Segment Open

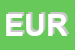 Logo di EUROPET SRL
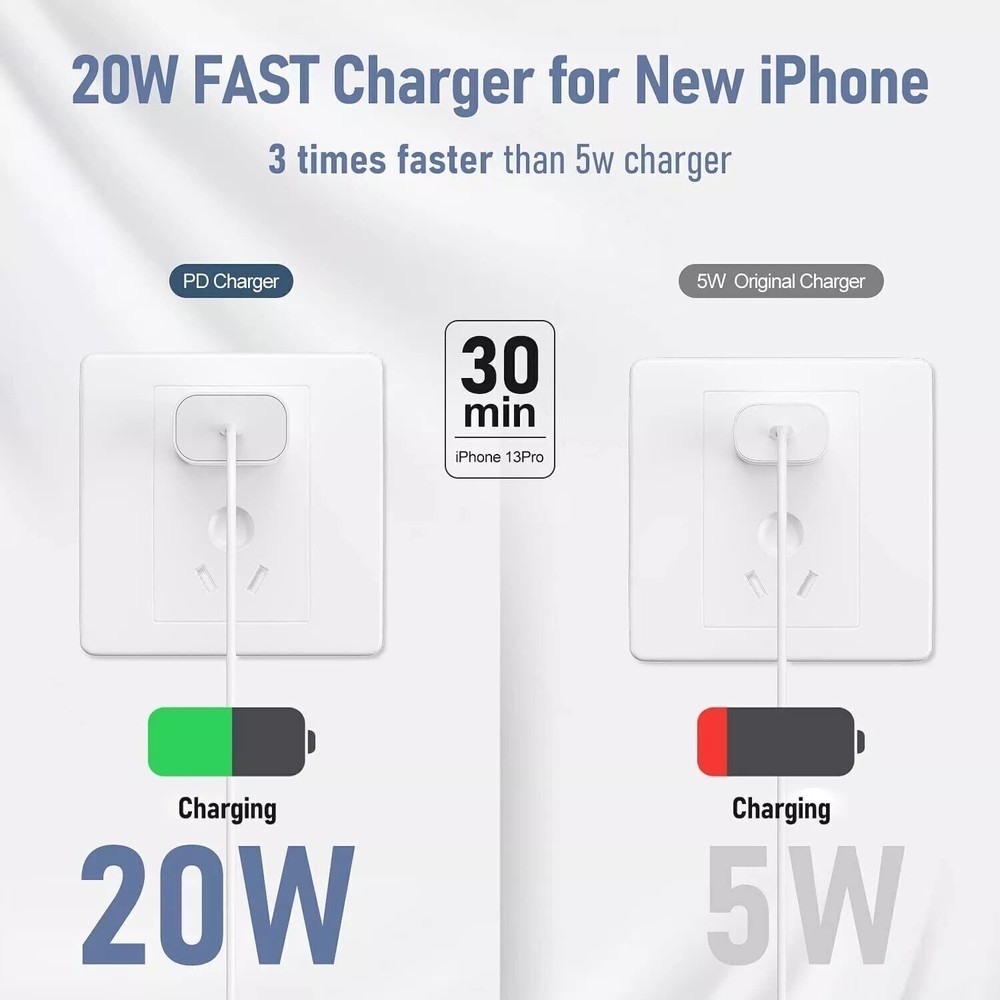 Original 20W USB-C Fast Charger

Segment Closed
Segment Open

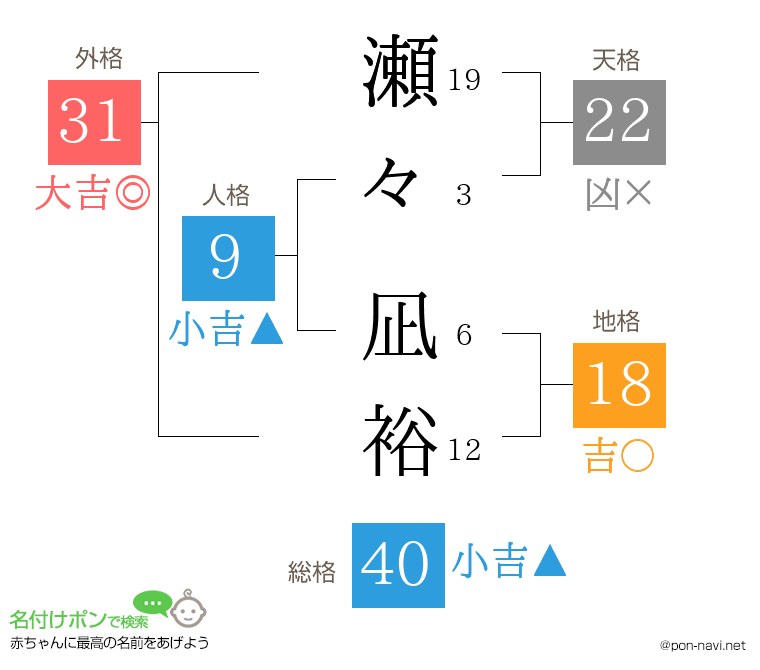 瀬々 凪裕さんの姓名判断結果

Segment Closed
Segment Open

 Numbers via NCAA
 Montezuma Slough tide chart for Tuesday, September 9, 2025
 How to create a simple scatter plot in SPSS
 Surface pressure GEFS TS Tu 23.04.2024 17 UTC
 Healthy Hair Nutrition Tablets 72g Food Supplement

Segment Closed

Required action → What is needed is an exact copy of only the lines above from the one with "Logo di EUROPET SRL" to the one with "Original 20W USB-C Fast Charger", both kept, with every picture left out.

Your response →
 Logo di EUROPET SRL
 Original 20W USB-C Fast Charger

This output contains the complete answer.